Employment in the mortgage lending business has been shrinking for more than a decade, thanks first to the housing crunch and then to rising rates. In 2006, there were more than half a million workers in mortgages, compared with about 323,000 in June.
Now demand for the loans is rising high enough and fast enough that lenders seem to be doing something. The volume of applications for refinancing mortgages has more than tripled since December, according to a barometer from the Mortgage Bankers Association.
“It does put stress on the entire industry, whether it’s the appraisers, title companies, mortgage companies,” said John Schleck, head of centralized and online consumer lending at Bank of America. The bank is taking about 60 days to process applications, up a little more than a week, as it tries to keep up with the rising volume, according to bank spokeswoman Kris Yamamoto.

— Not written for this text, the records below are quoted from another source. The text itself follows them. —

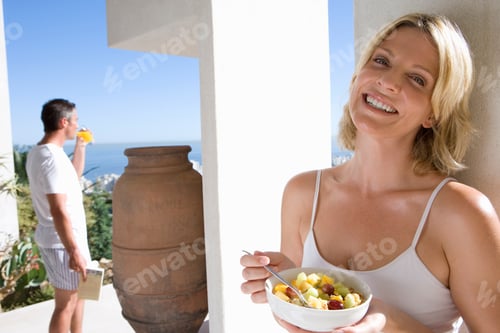 Preview: Woman Enjoying Fruit Salad on Balcony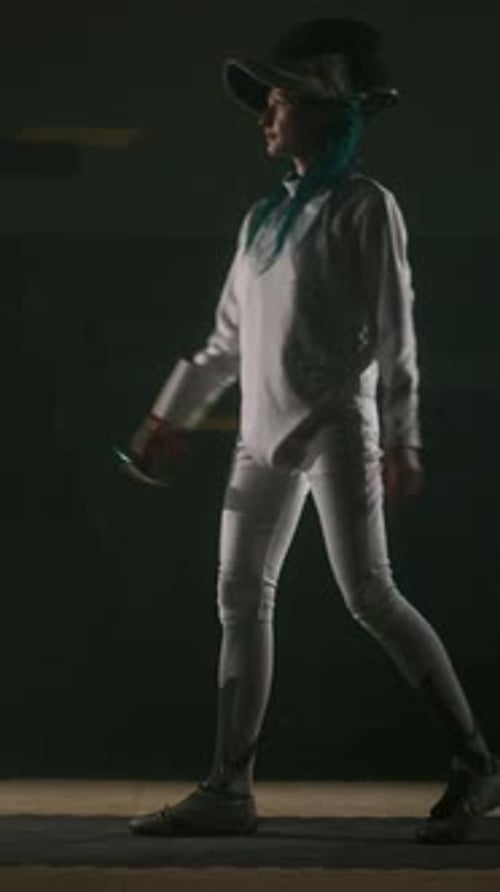 Vertical of Fencer Putting on Epee Mask and Taking Starting Pose with Foil Sword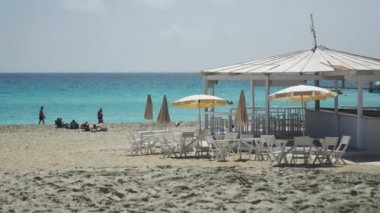 Beyaz güneşli yatak şemsiyeli turistlerin 4K görüntüleri Nissi sahilinde yaz tatili deniz arka planında 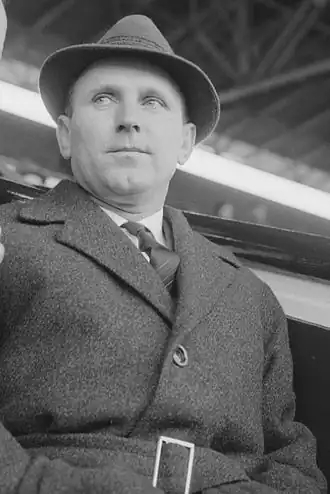 Sur une photographie en noir et blanc, un homme est en costume avec un chapeau, vu de face.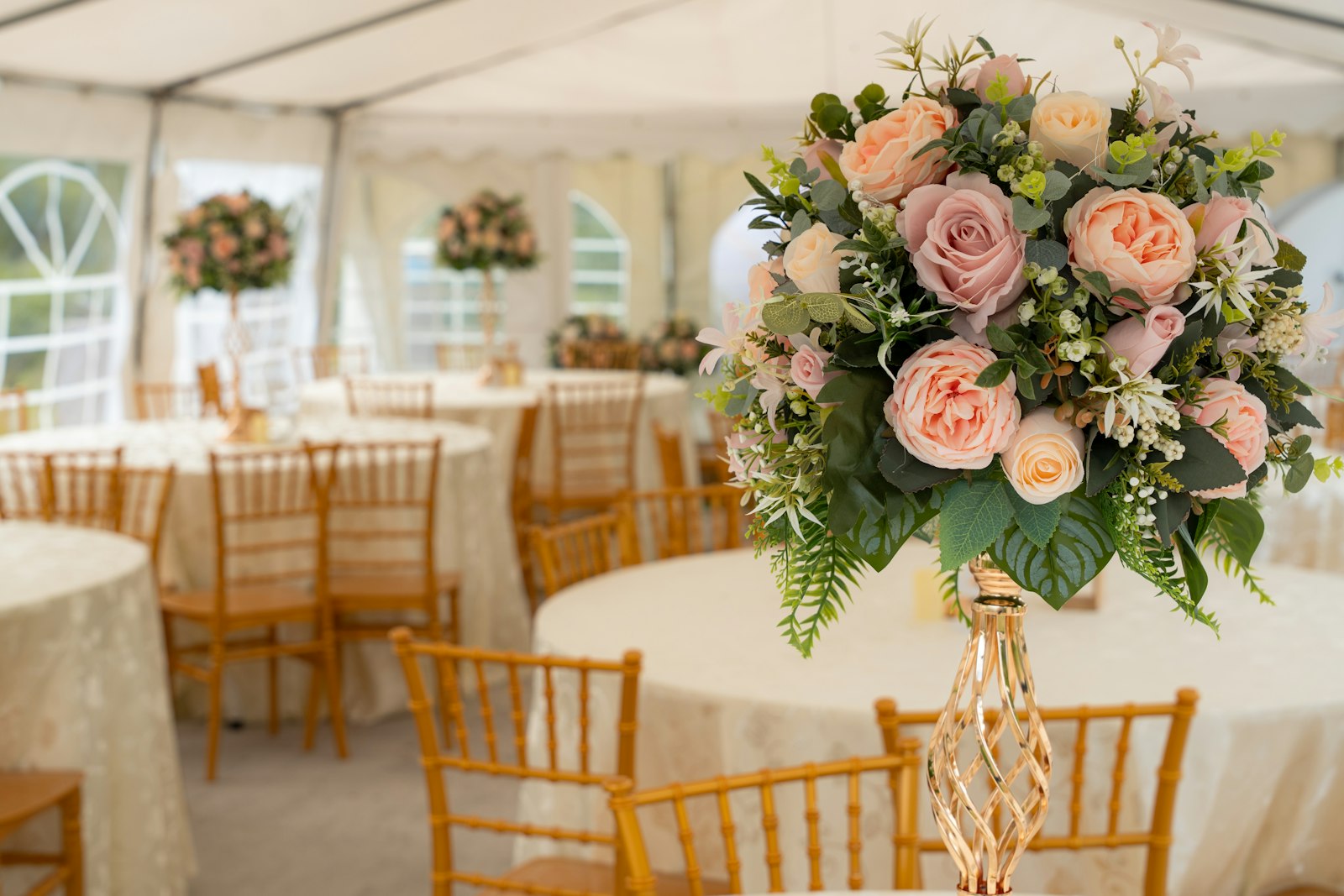 Round tables and gold chairs inside a marquee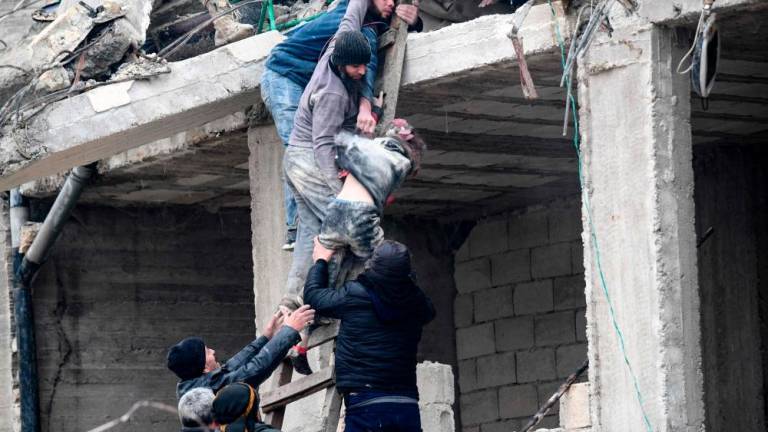 Residents retrieve an injured girl from the rubble of a collapsed building following an earthquake in the town of Jandaris, in the countryside of Syria’s northwestern city of Afrin in the rebel-held part of Aleppo province, on February 6, 2023. AFPPIX
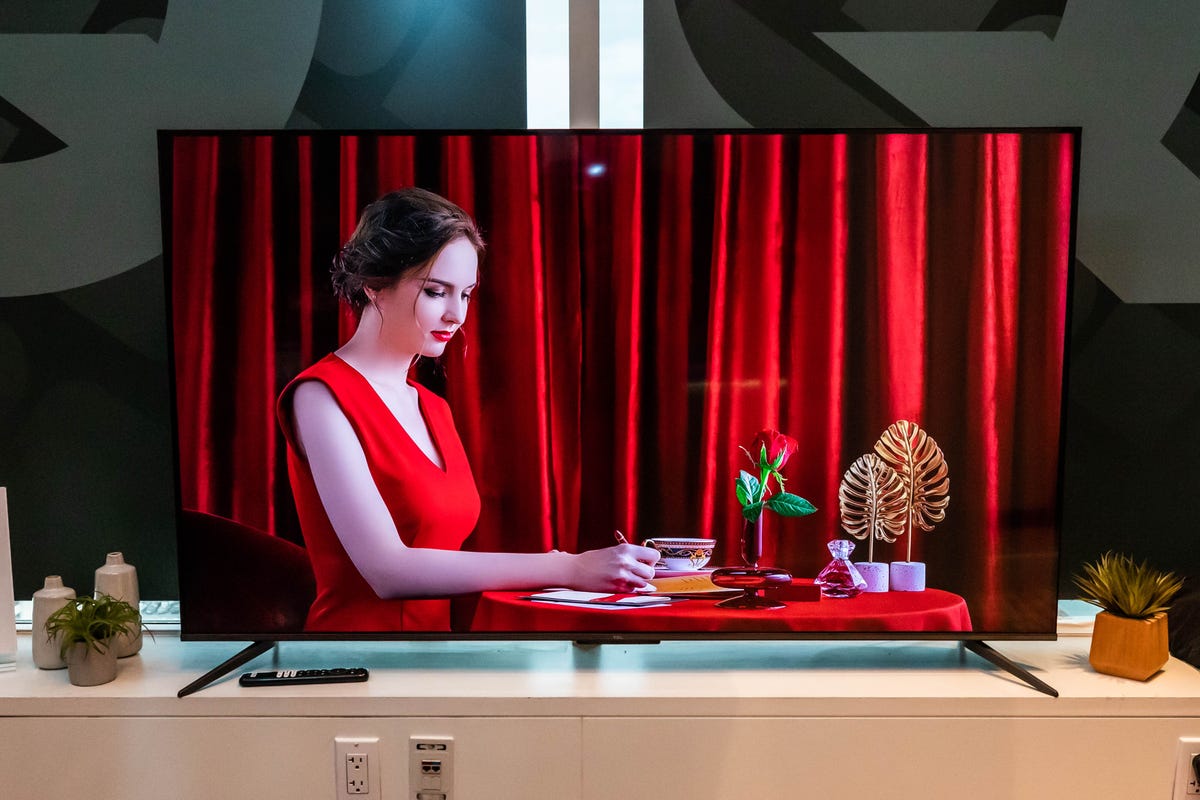 The TCL Q6 Google TV displaying a woman wearing red.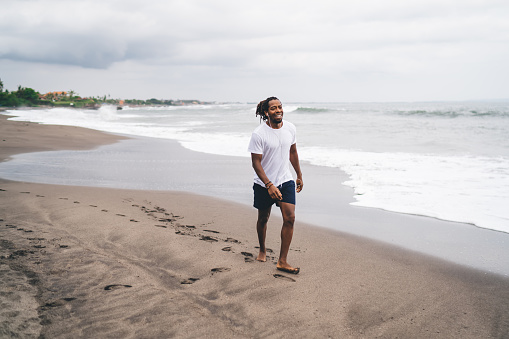 Full length ethnic male in white shirt and blue shorts with earphones walking barefoot on coastline while ocean waves washing sand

On Thursday, data from the National Association of Realtors showed contract signings to purchase previously owned U.S. homes fell in July by the most since early 2018, indicating a pause in buyer interest. The index of pending home sales decreased 2.5% from the previous month. The median forecast in Bloomberg’s survey called for no change.
Indeed, lenders are adding staff slowly, to avoid having to rapidly lay people off if the market turns, and they’re investing in systems to make their employees more productive. Quicken Loans, the nation’s biggest nonbank home lender, has been focusing on investing in technology and related jobs all year, according to Chief Executive Officer Jay Farner. He said in an interview that he’s seen heightened competition in hiring lenders and underwriters in recent months, but that Quicken’s hiring plans haven’t changed this year despite lower rates.

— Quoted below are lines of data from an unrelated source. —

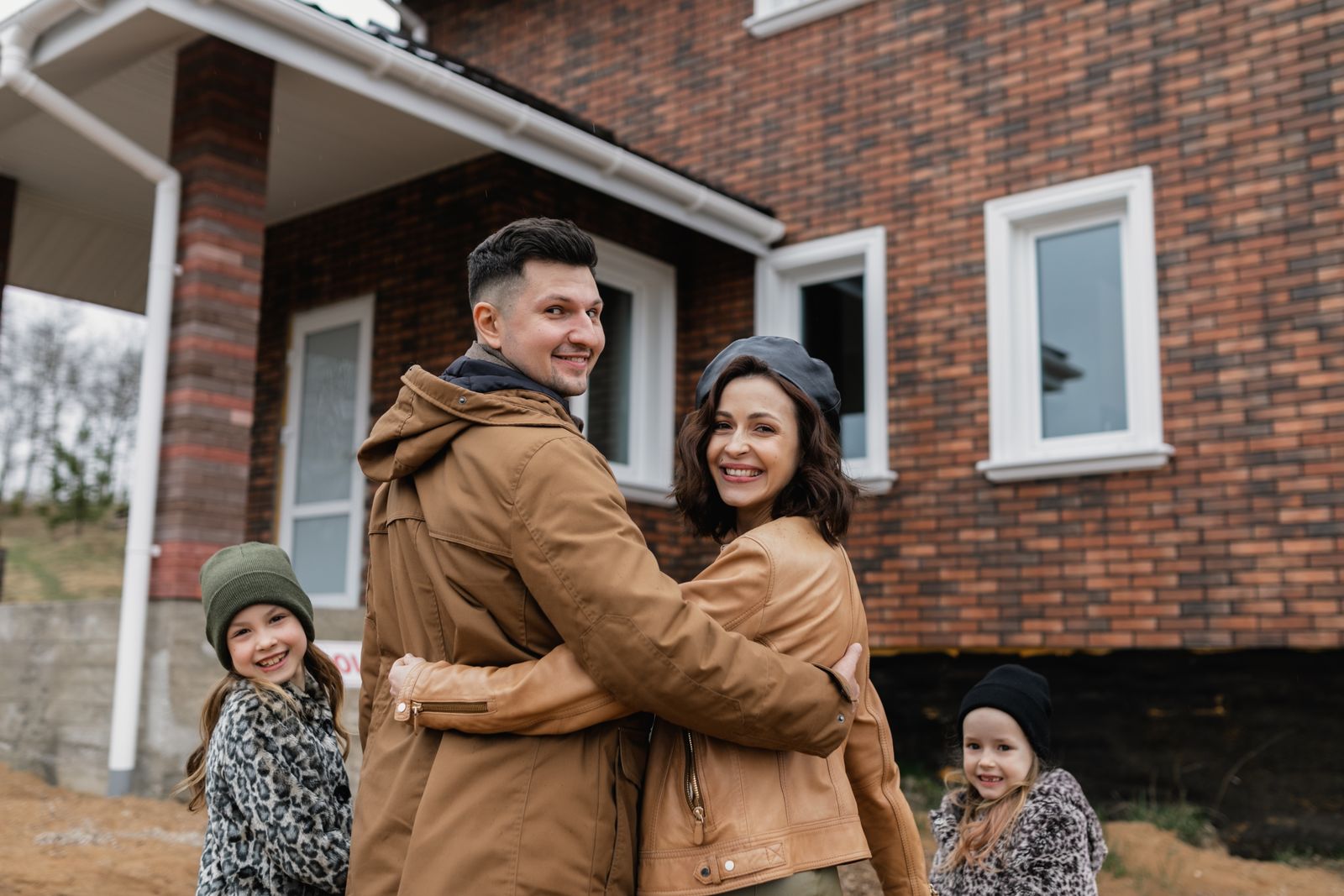 A family standing proudly together in front of their brick home
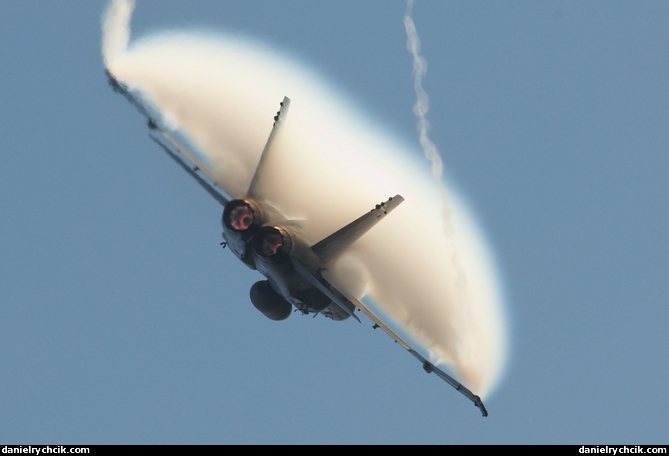 F-18 Hornet with a big condensation cloud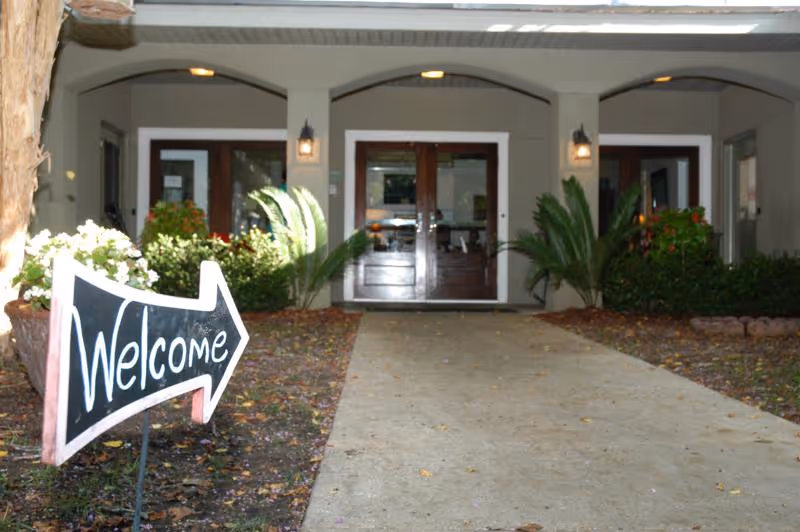 Covered front entrance with a 'Welcome' arrow sign pointing down a walkway to double wooden doors flanked by plants.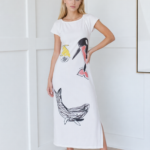 Modella che indossa un vestito lungo bianco con stampe artistiche di pesci e uccelli, abbinato a sandali bianchi, in un ambiente moderno e luminoso.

“It’s real tough on your business to always be hiring and removing,” Farner said. “We’ve been on this hiring climb to continue to build out the technology that our clients are looking for.”

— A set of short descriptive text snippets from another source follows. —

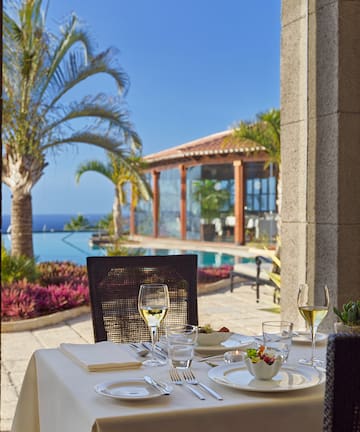 a table set for a meal outside with a pool and palm trees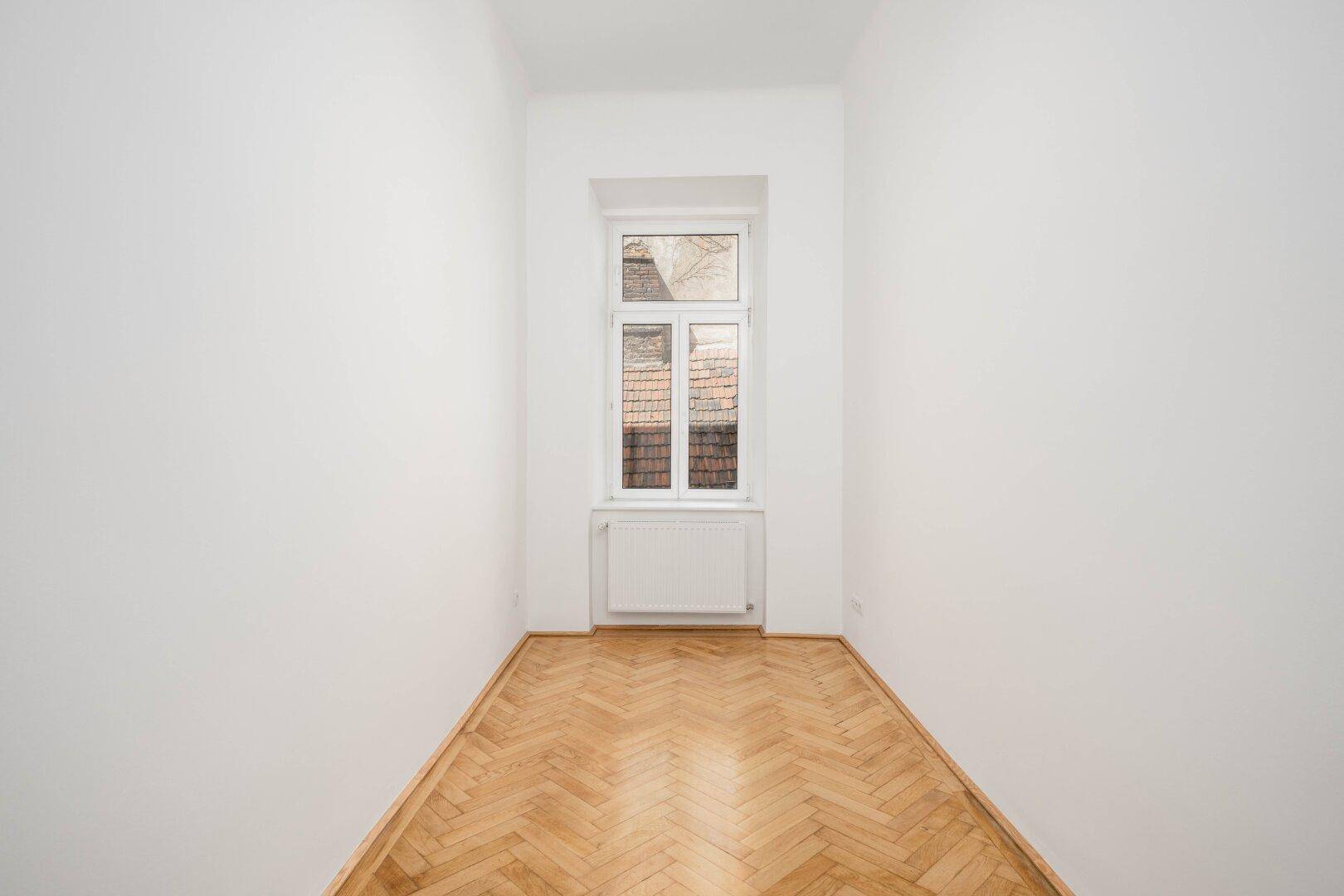 Leerer Raum mit klassischem Fischgrätparkett und einem Fenster, das viel Tageslicht hereinlässt.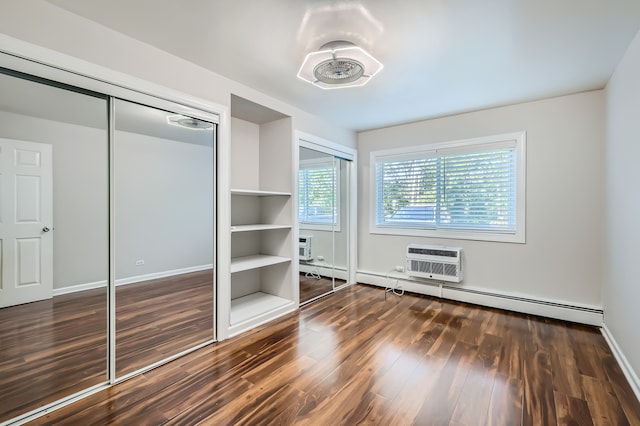 unfurnished bedroom with a baseboard radiator, a closet, dark hardwood / wood-style floors, and an AC wall unit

If banks and finance companies were hiring more, mortgage rates would likely be lower: The gap between how much lenders charge for the loans and how much they pay to borrow money to fund mortgages, a measure of profitability known as the “primary/secondary spread,” is at the highest level since mid-2012.
That suggests lenders have ample room to cut rates and win more business, if they had more people to process applications. Banks in particular are reluctant to grow too fast, fearing a business that spurred the last downturn and can be highly cyclical.
Last year, finance companies outside the banking system accounted for about 60% of the most common types of mortgages, those sold to government-backed buyers like Fannie Mae and Freddie Mac, according to Inside Mortgage Finance. That’s up from 47% in 2014.
Alex Echeandia, a broker at Eagle Creek Mortgage in Gaithersburg, Maryland, said he works with more than 30 lenders when considering mortgages for his clients. But the biggest banks aren’t among them, in part because they may only offer a few types of loans and move slower than smaller lenders.
“All of our lenders are mortgage lenders — they’re not brick and mortar banks,” Echeandia said. “I like the flexibility. We’re able to shop it around and talk to different lenders to get our clients the best.”
At Wells Fargo, refinancings are taking about 10 days longer than they did a year ago, even with more staff on board. Jerald Banwart, the bank’s head of retail fulfillment, said in an interview that Wells Fargo plans to keep increasing headcount in mortgage processing, underwriting and closing by around an additional 5%.
Even though the labor market is tighter than in previous refinancing rallies, “the industry has been downsizing in the past couple years, so there’s definitely talent out there,” Banwart said.